President's donation increases international learning opportunities for UAlberta students

Gift will allow more students to succeed as global citizens by experiencing different cultures, societies and ways of life.


(Edmonton) A personal donation of $250,000 from University of Alberta President Indira V. Samarasekera will allow more U of A students to pursue education, research and community service opportunities beyond Canada’s borders.

“It is vital in this age of globalization that Canadian universities provide an international learning environment for our students,” Samarasekera said. “Nothing better prepares a student to be a global citizen, and unlocks their potential to change the world, than an international experience.”

However, a recently released report by the Canadian Bureau for International Education says only three per cent of Canadian students are studying internationally—one of the lowest numbers among Organization for Economic Co-operation and Development countries. President Samarasekera’s gift will enable more UAlberta students to experience different cultures, societies and ways of life first-hand so they are better prepared to succeed in, and contribute to, an increasingly interconnected world.

The Indira V. Samarasekera Global Student Leadership Fund will enhance programs currently offering international experiences and enable more programs to offer such opportunities. It will also expand a scholarship fund the president established in 2013 to help students learn overseas.

Lemonia Anagnostopoulos, in the second year of her master’s degree in global health at the U of A’s School of Public Health, is one of four students who have benefited from the scholarship fund. She spent four months this summer working for the African Medical and Research Foundation (AMREF) in Nairobi, Kenya. As an intern, Anagnostopoulos researched local attitudes about malaria and worked on a project to improve the health of children living in some of Nairobi’s poorest slums.

Anagnostopoulos says the experience opened her eyes to both the complex struggles of the world’s most vulnerable communities and to the many challenges of international development.

Halfway through her internship, logistical issues at AMREF put Anagnostopoulos’ project on hold, forcing her to find another one to complete her practicum. “I’m not happy my project fell through,” she said, “but it’s the reality of international development work. In a low-resource setting, projects can fall apart and you can lose funding. It was a great learning experience to say, ‘This is what happened, now deal with it.’ That’s something you can’t learn from a textbook.”

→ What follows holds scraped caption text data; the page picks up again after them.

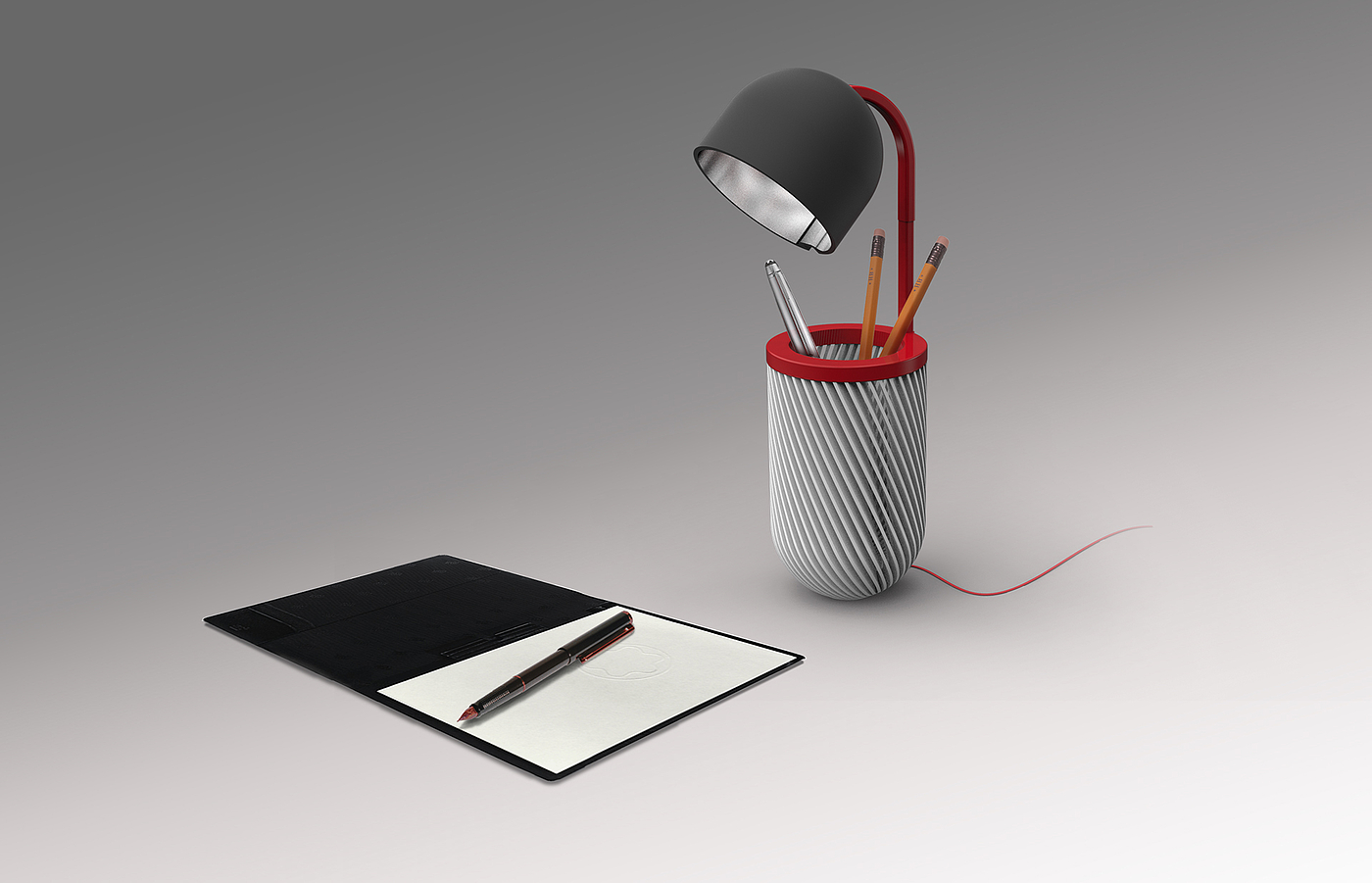 Desk lamp，lamps and lanterns，pen container，originality，desk lamp，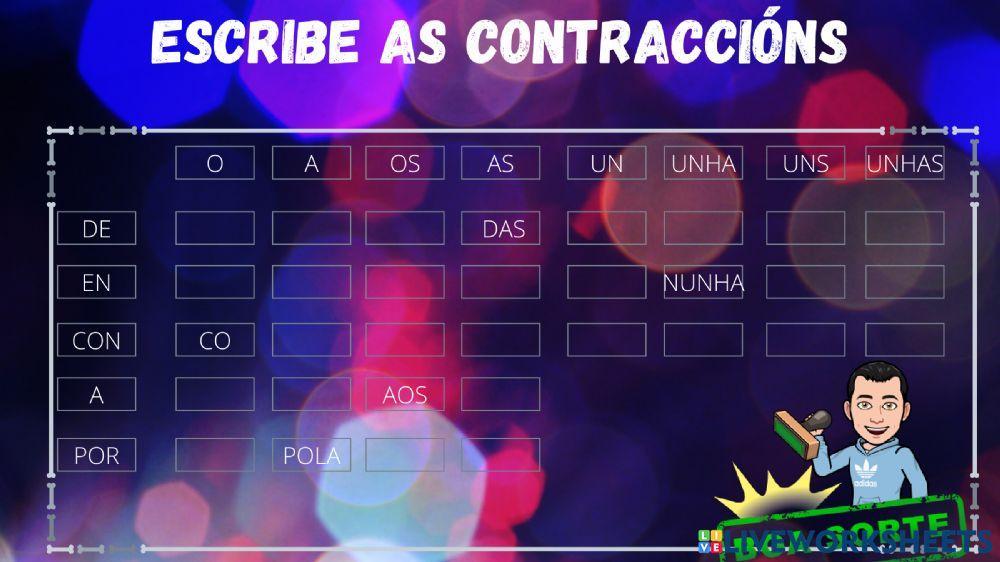 Contraccións Contraccións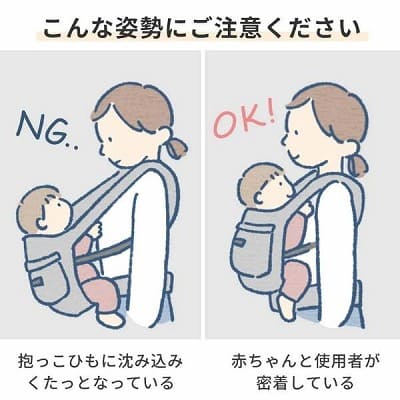 【ナップナップ コンパクト】 抱っこ紐2本目サブに軽量なのに生後4ヶ月～1歳2歳3歳20kgまでOK!おんぶもできる持ち運び簡単の折りたためる軽い抱っこ紐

Britta Baron, vice-provost and associate vice-president (international), describes the president’s gift as “a tremendous example of President Samarasekera’s vision and commitment.”

“President Samarasekera is a role model for the life-changing impact of education abroad and the lasting benefits it can bring,” said Baron.

“We must never underestimate the power of education to uplift the lives of individuals—and through them, to change society for the better,” said Samarasekera. “It is such a very great privilege for me now to be able to give back to the very institution that has filled my life with such personal and professional satisfaction and accomplishment.”

Today, more than 1,000 U of A students study, work and volunteer in 40 countries around the world—a number that will increase through the Indira V. Samarasekera Global Student Leadership Fund.